Task requirements:
Take the line containing "Hazel Cast iron green bench - top_view" and all lines after it, through the end of the material, and repeat them exactly, pictures left out.
[Start of Attachment]
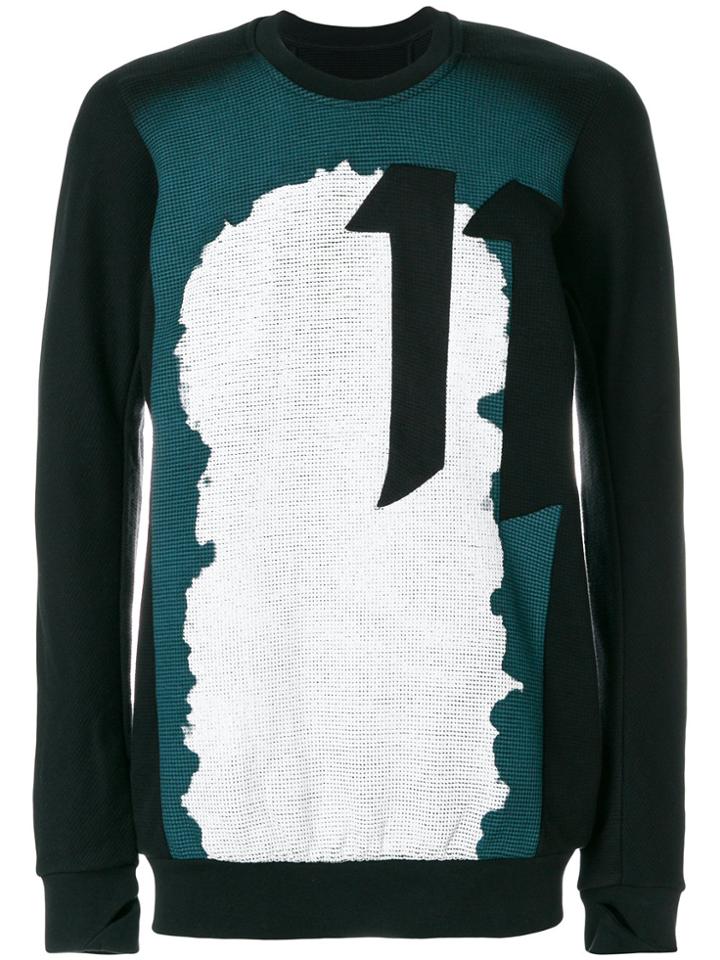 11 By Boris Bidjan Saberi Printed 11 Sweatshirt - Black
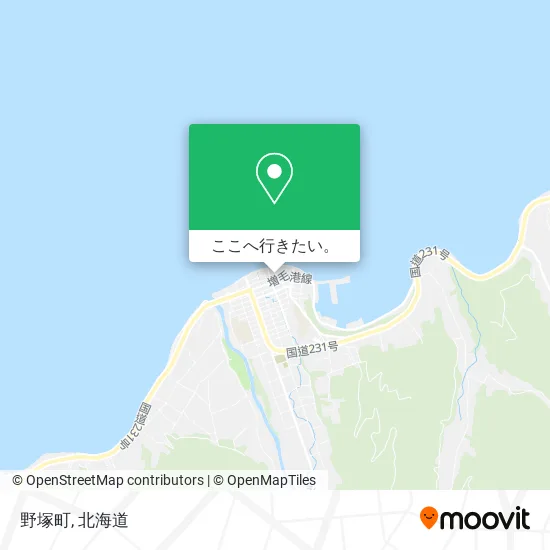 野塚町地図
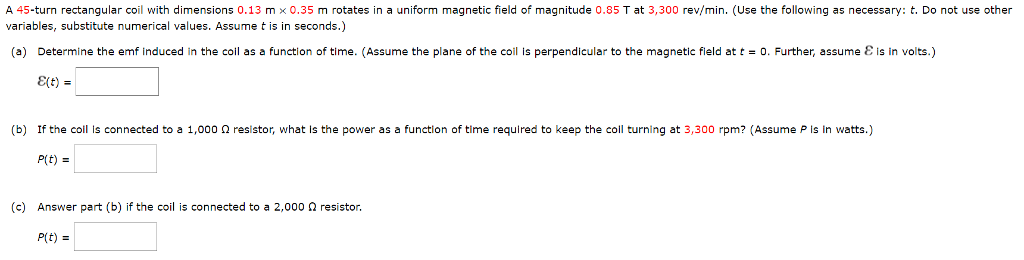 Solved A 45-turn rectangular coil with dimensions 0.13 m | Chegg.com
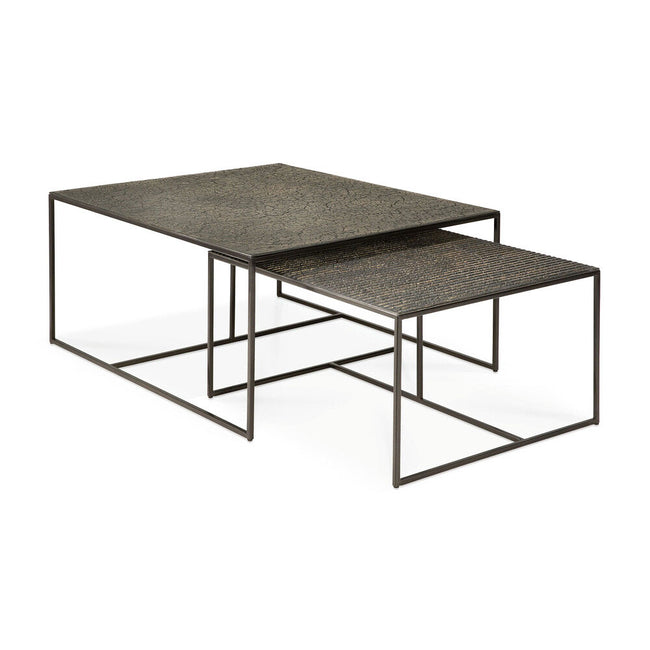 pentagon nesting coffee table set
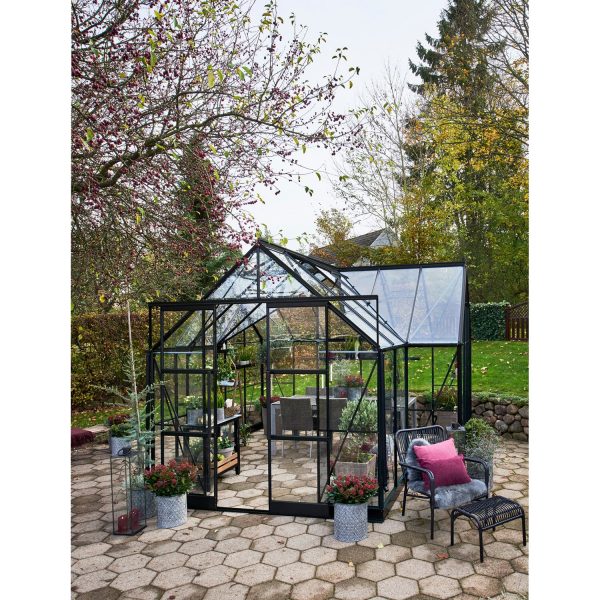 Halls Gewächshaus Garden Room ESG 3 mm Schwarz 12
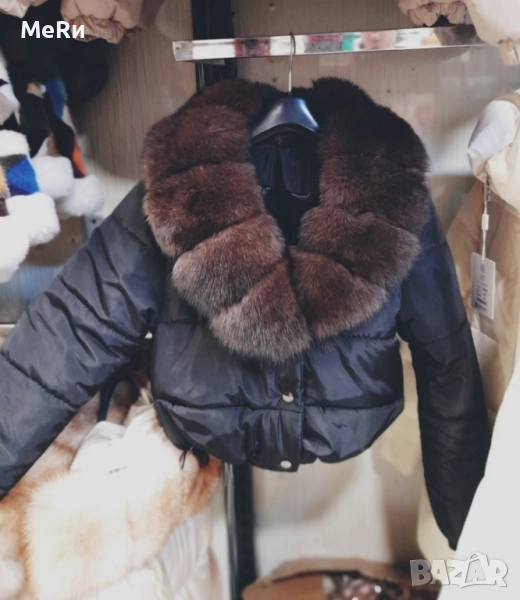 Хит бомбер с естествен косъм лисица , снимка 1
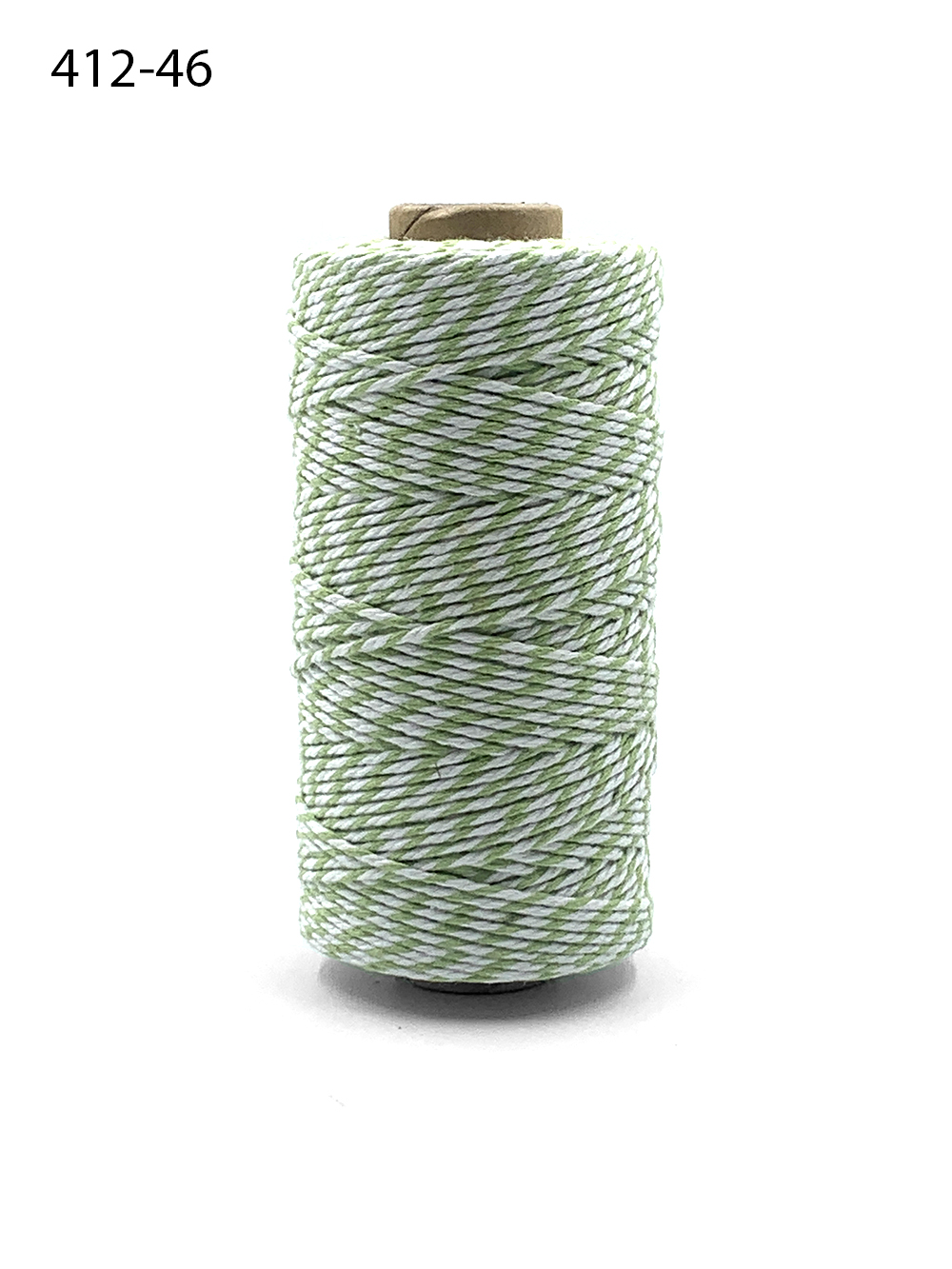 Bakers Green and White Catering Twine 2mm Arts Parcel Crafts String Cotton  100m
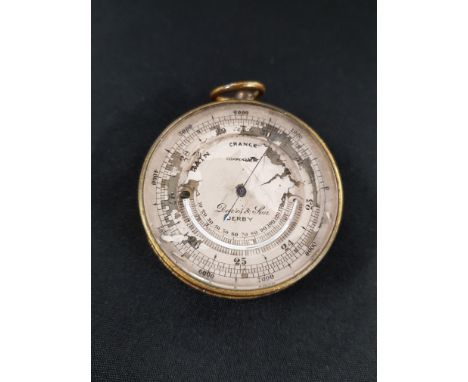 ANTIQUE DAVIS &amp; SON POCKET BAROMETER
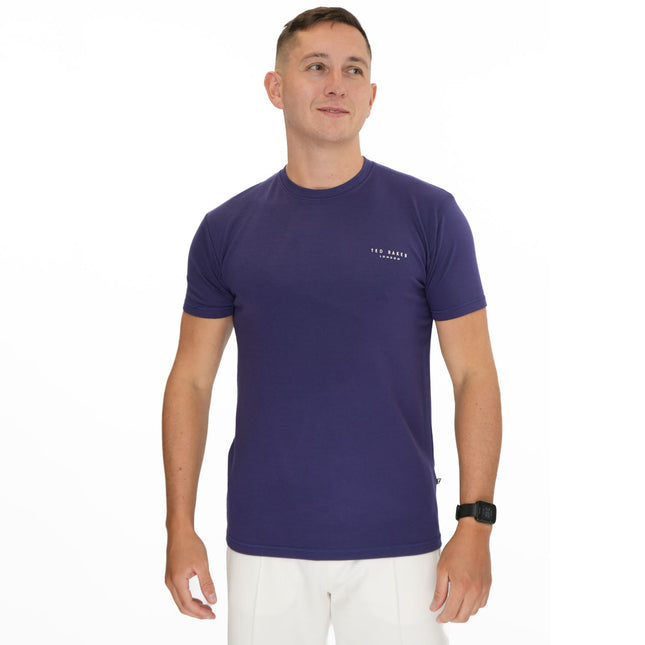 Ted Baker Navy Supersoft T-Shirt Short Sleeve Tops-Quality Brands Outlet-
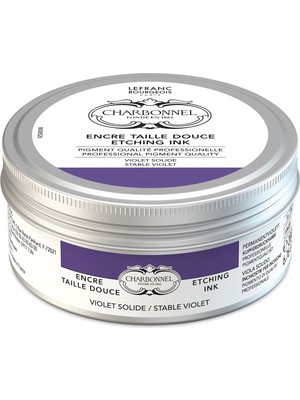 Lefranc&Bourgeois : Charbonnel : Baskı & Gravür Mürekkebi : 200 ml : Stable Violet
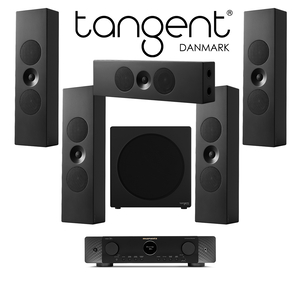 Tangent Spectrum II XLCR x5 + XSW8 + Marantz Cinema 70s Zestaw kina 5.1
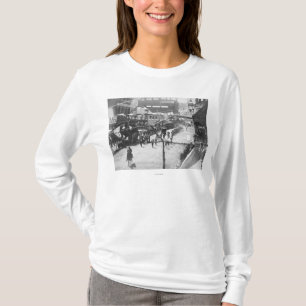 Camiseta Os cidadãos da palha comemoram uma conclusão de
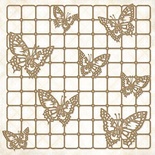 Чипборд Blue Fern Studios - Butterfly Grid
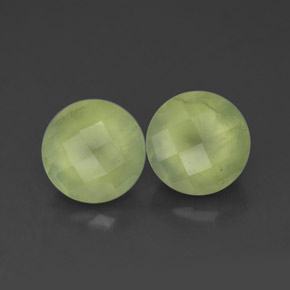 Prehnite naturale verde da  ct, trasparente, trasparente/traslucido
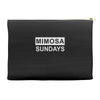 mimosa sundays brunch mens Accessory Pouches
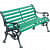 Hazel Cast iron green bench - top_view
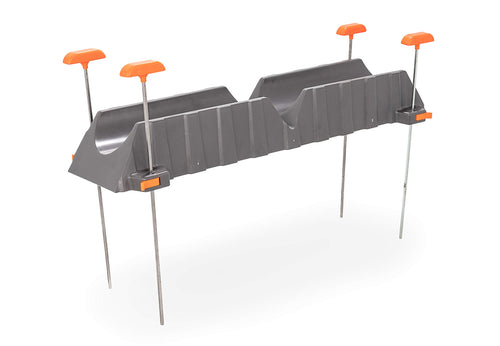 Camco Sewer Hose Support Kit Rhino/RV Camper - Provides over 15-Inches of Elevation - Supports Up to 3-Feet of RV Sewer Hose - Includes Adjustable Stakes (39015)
[End of Attachment]
Output of the exercise:
 Hazel Cast iron green bench - top_view
 Camco Sewer Hose Support Kit Rhino/RV Camper - Provides over 15-Inches of Elevation - Supports Up to 3-Feet of RV Sewer Hose - Includes Adjustable Stakes (39015)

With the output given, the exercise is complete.